# Computing similarity scores


In order to build a recommendation system, it is important to understand how to compare various objects in our dataset. Let's say our dataset consists of people and their various movie preferences. In order to recommend something, we need to understand how to compare any two people with each other. This is where the similarity score becomes very important. The similarity score gives us an idea of how similar two objects are.

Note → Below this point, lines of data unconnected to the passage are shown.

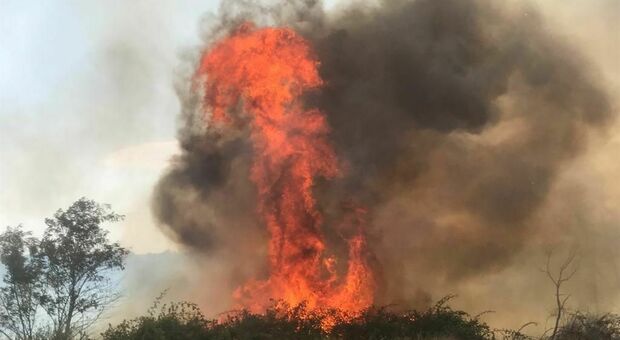 Puglia, pomeriggio di roghi: due incendi nel Tarantino, uno a Gallipoli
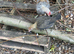 Pair of Modern Game Bantams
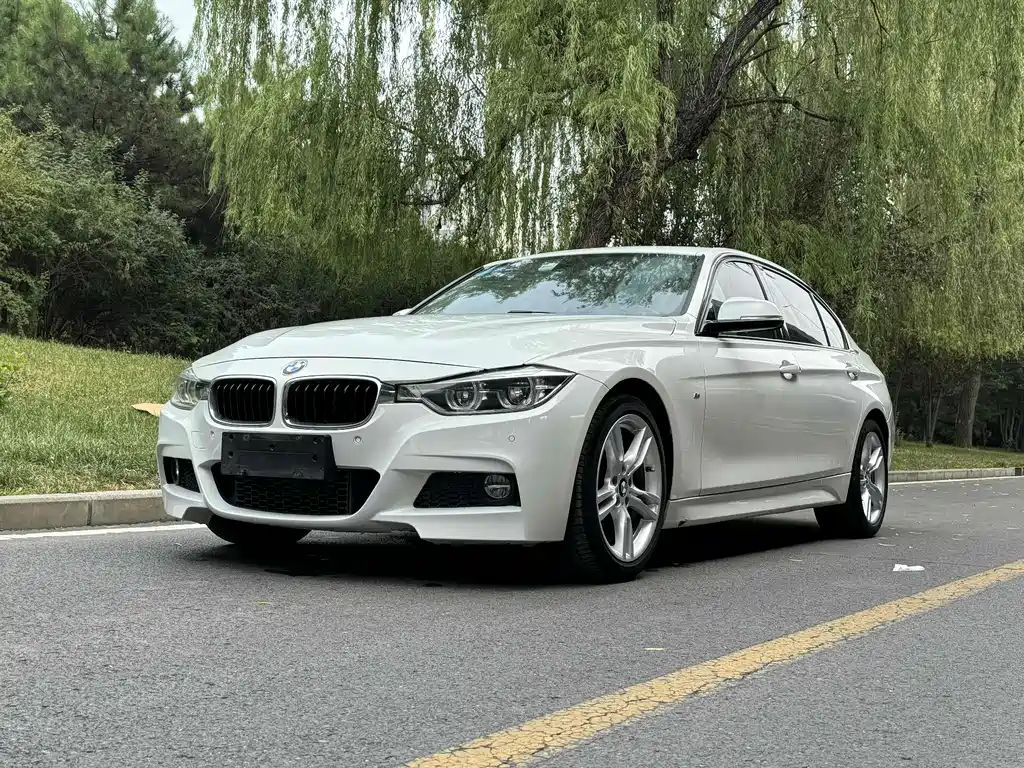 BMW 3 Series 2017 — фото 1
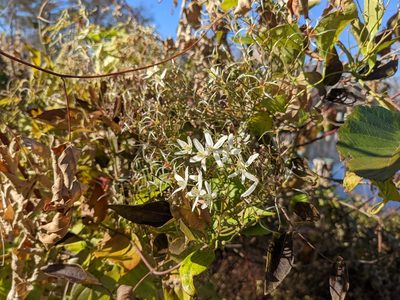 Clematis terniflora, photographed by Connor McInerney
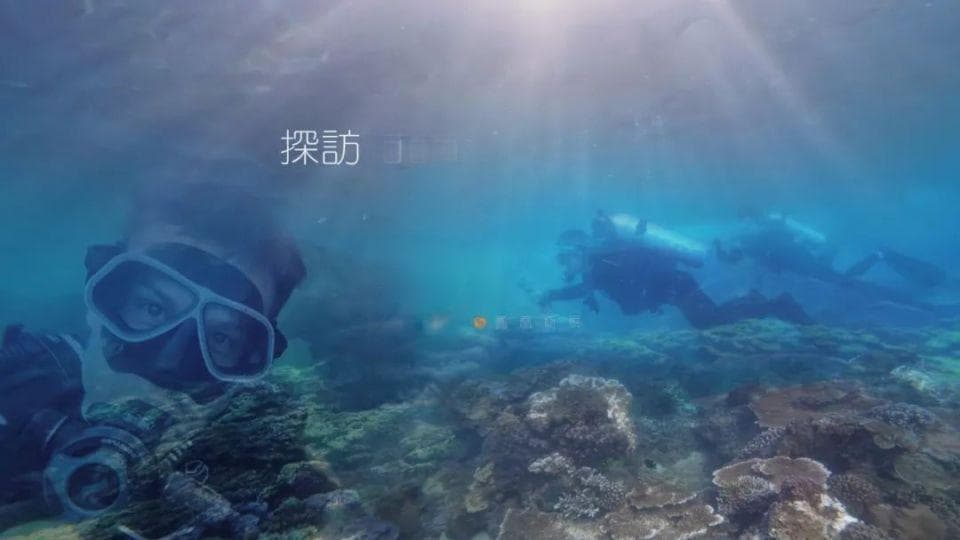 中国已成珊瑚保护最严国家，保护者们都做了什么？
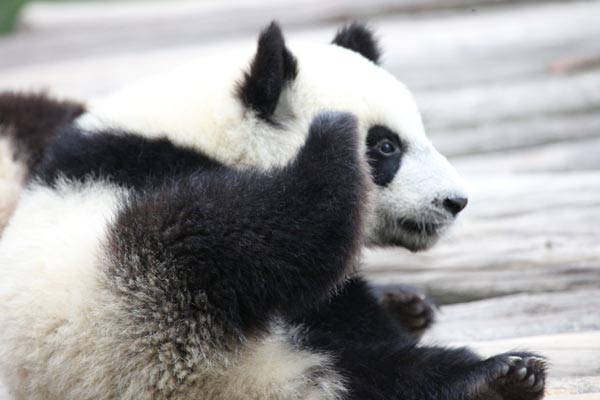 A panda takes rest in BiFeng Gorge Base in Ya'an, Southwest China's Sichuan Province, June 6, 2009. [Guoliang/China.org.cn]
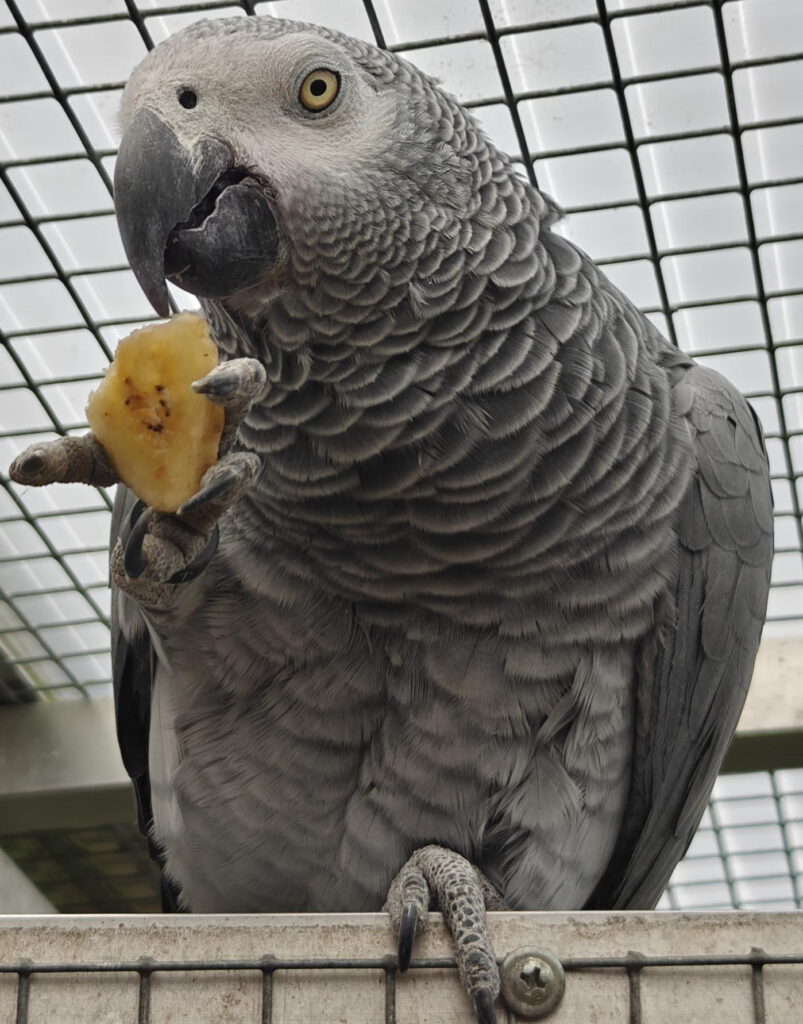 Kongo-Graupapagei COCO (m)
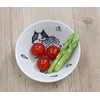 Mino Ware, Cat Plate, More Cats, Maruke Stacolasassa, Warping Type,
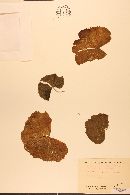 Puccinia geranii-pilosi image
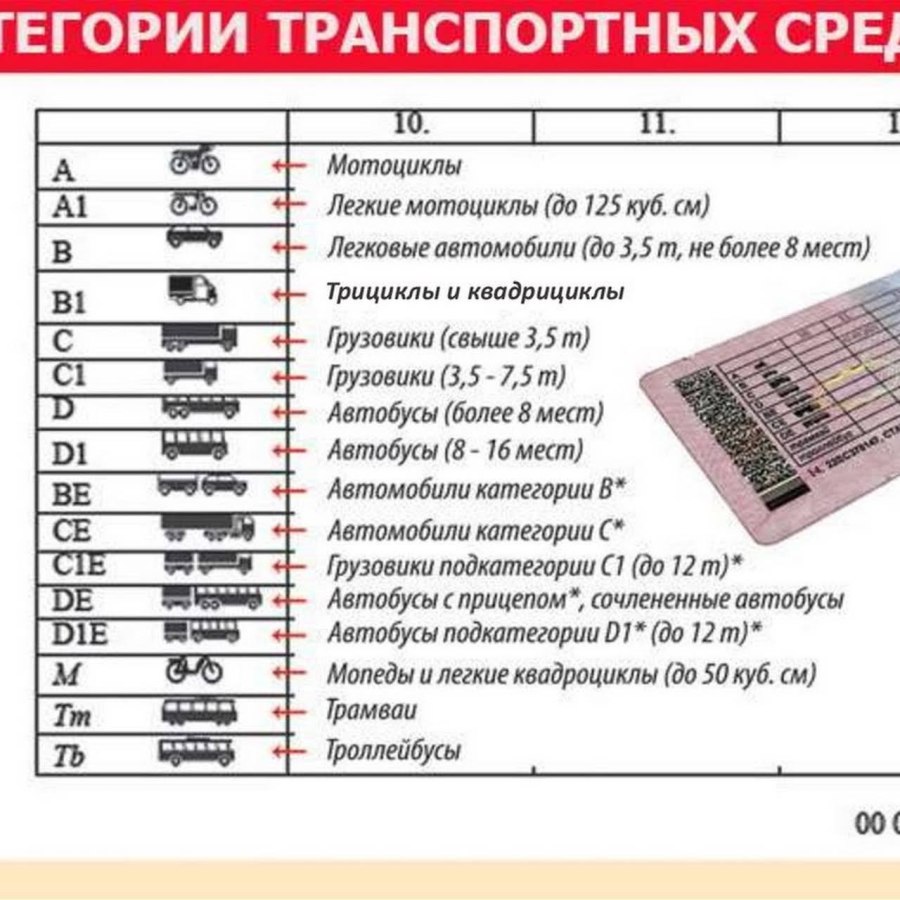 Категории водительских прав с расшифровкой b,b1,m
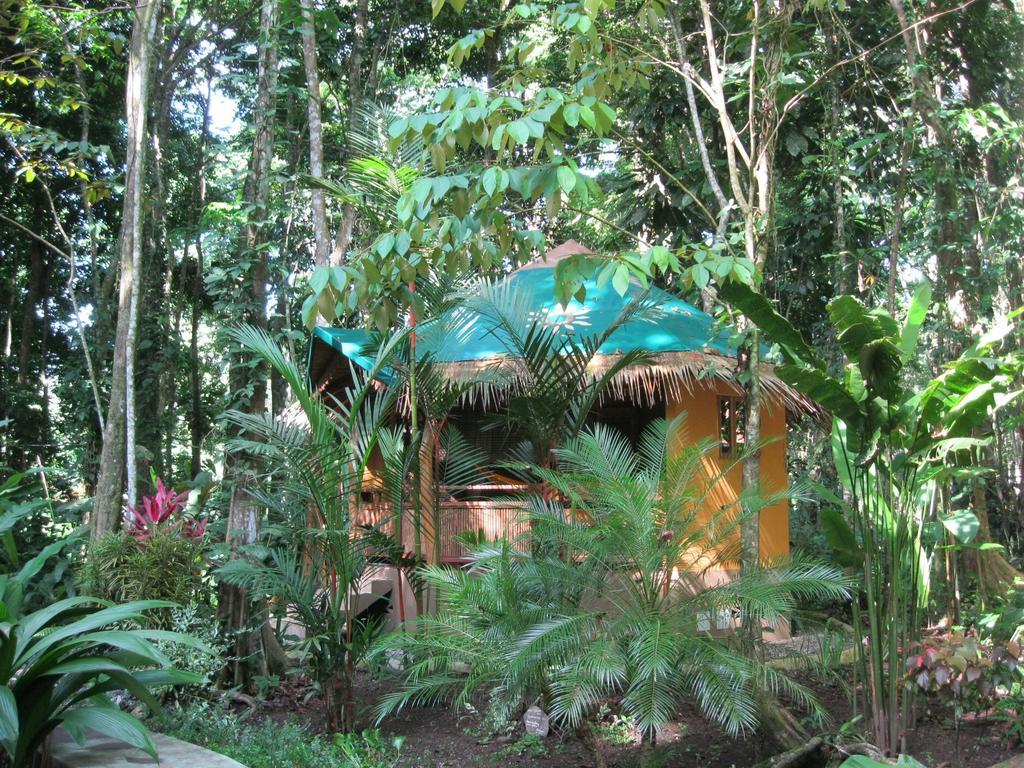 Korrigan Lodge Cahuita Rom bilde
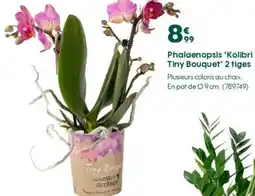 Truffaut Phalaenopsis 'Kolibri Tiny Bouquet' 2 tiges offre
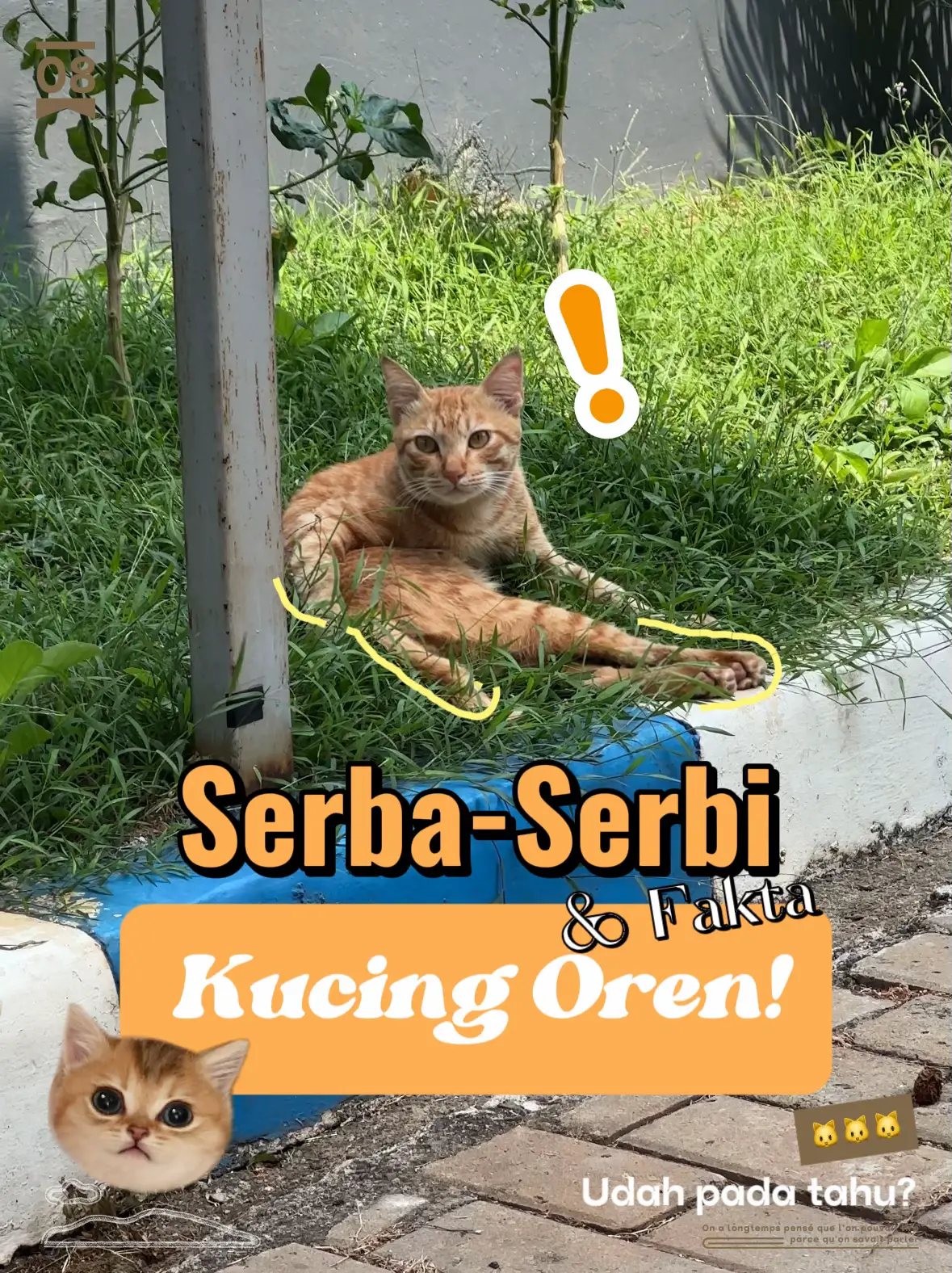 Fakta tentang KUCING OYEN!! Yang terakhir gemas‼️🤣 | Gallery posted by  Nadiah A | Lemon8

__Pearson score__ is a measure of correlation between two objects. It uses the covariance between the two objects along with their individual standard deviations to compute the score. The score can range from -1 to +1. A score of +1 indicates that the objects are very similar where a score of -1 would indicate that the objects are very dissimilar. A score of 0 would indicate that there is no correlation between the two objects. Let's see how to compute these scores.



In [1]:
import argparse 
import json 
import numpy as np 

In [2]:
user1 = "David Smith" 
user2 = "Bill Duffy"

Define a function to compute the Euclidean score between the input users. If the users are not in the dataset, raise an error:

In [28]:
# Compute the Euclidean distance score between user1 and user2 
def euclidean_score(dataset, user1, user2):
    if user1 not in dataset:
        raise TypeError('Cannot find ' + user1 + ' in the dataset')

    if user2 not in dataset:
        raise TypeError('Cannot find ' + user2 + ' in the dataset')

    # Movies rated by both user1 and user2
    common_movies = {} 

    for item in dataset[user1]:
        if item in dataset[user2]:
            common_movies[item] = 1

    # If there are no common movies between the users, 
    # then the score is 0 
    if len(common_movies) == 0:
        return 0

    squared_diff = [] 

    for item in dataset[user1]:
        if item in dataset[user2]:
            squared_diff.append(np.square(dataset[user1][item] - dataset[user2][item]))
        
    return 1 / (1 + np.sqrt(np.sum(squared_diff))) 


In [29]:
# Compute the Pearson correlation score between user1 and user2 
def pearson_score(dataset, user1, user2):
    if user1 not in dataset:
        raise TypeError('Cannot find ' + user1 + ' in the dataset')

    if user2 not in dataset:
        raise TypeError('Cannot find ' + user2 + ' in the dataset')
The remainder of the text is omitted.